In der Liga schlägt das Thema hohe Wellen. DHB, Liga und Vereine "werden sich sehr ernsthaft Gedanken machen müssen, welche Lehren und welche möglichen Konsequenzen aus diesem Fall zu ziehen sind", schrieb Peter Prior, langjähriger Manager des Buxtehuder SV, in einer ausführlichen Stellungnahme. Die Verantwortlichen in den Vereinen, für die der Trainer arbeitete, müssten sich mit Blick auf die Fürsorgepflicht fragen, "ob sie ihrer Verantwortung gegenüber den Spielerinnen gerecht geworden sind. Das gleiche gilt für den DHB."
Für den Verband stehen die veröffentlichten Vorwürfe "in keiner Weise im Einklang mit den Werten des Handballsports". Der DHB "fühlt mit den betroffenen Spielerinnen und nimmt die Vorwürfe sehr ernst, hinterfragt das eigene Vorgehen kritisch und überprüft seine Prozesse", hieß es auf SID-Anfrage. Man sei "nach Bekanntwerden erster Hinweise zu möglichem Fehlverhalten umgehend auf Basis des zum jeweiligen Zeitpunkt bekannten Wissens entsprechend der Handlungsempfehlungen für Sportvereine aktiv geworden und hat intern auf allen Ebenen für die Prävention von Gewalt sensibilisiert". Während dessen Zeit beim Verband habe es keine Vorwürfe gegen den Trainer gegeben, "die dem Vorstand des DHB bekannt geworden sind".

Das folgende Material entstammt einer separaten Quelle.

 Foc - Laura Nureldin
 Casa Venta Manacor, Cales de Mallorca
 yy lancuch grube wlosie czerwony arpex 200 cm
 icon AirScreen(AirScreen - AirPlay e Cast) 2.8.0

Zschocke fordert neutrale Instanz zur Aufklärung
Das DHB-Statement geht Zschocke nicht weit genug. Sie fordert eine unabhängige Instanz im Aufklärungsprozess des DHB. "Ich habe klar gesagt, dass man eine externe, neutrale Person braucht, um Kritik zu äußern", sagte Zschocke dem SID am Dienstag über ein Gespräch mit DHB-Sportvorstand Axel Kromer. Jedem sollte bewusst sein, "dass bei so einer Aufarbeitung oft eine neutrale Instanz benötigt wird, um eine gewisse Neutralität zu wahren".

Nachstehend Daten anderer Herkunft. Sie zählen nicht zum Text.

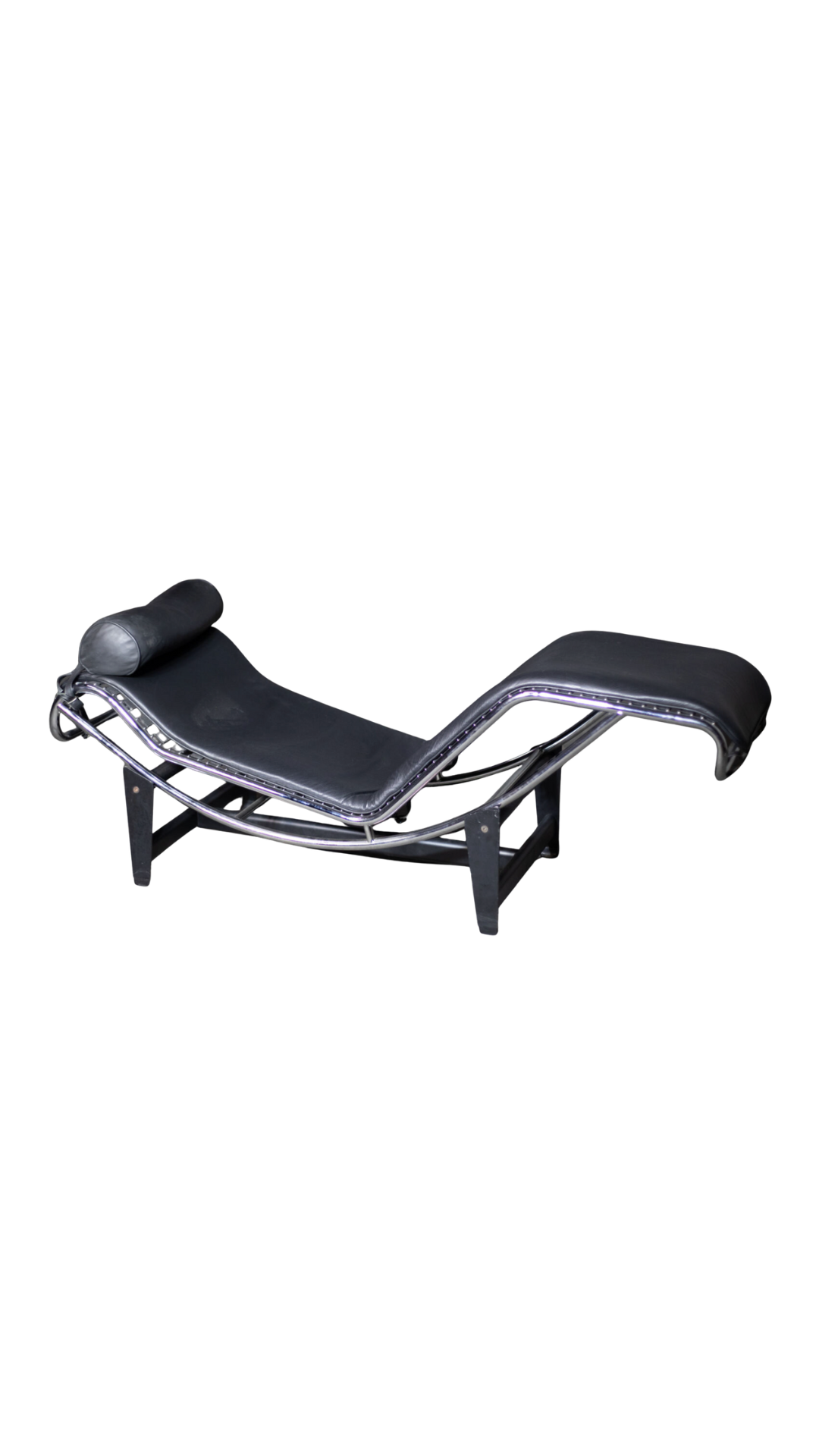 I67 Lounger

Das DHB-Statement sei "zu kurz", sagte Zschocke außerdem. "Wenn man sich öffnet, muss man einen Seelenstriptease betreiben, das ist nicht einfach. Da man sich häufig in einem Abhängigkeitsverhältnis befindet, kann man nicht offen darüber sprechen", führte die 24-Jährige aus. "Ich hoffe, dass die Aufarbeitung professionell abläuft. Mit den Athleten Deutschland hatten wir eine super Zusammenarbeit, das kann ich nur weiterempfehlen." (afp/ska)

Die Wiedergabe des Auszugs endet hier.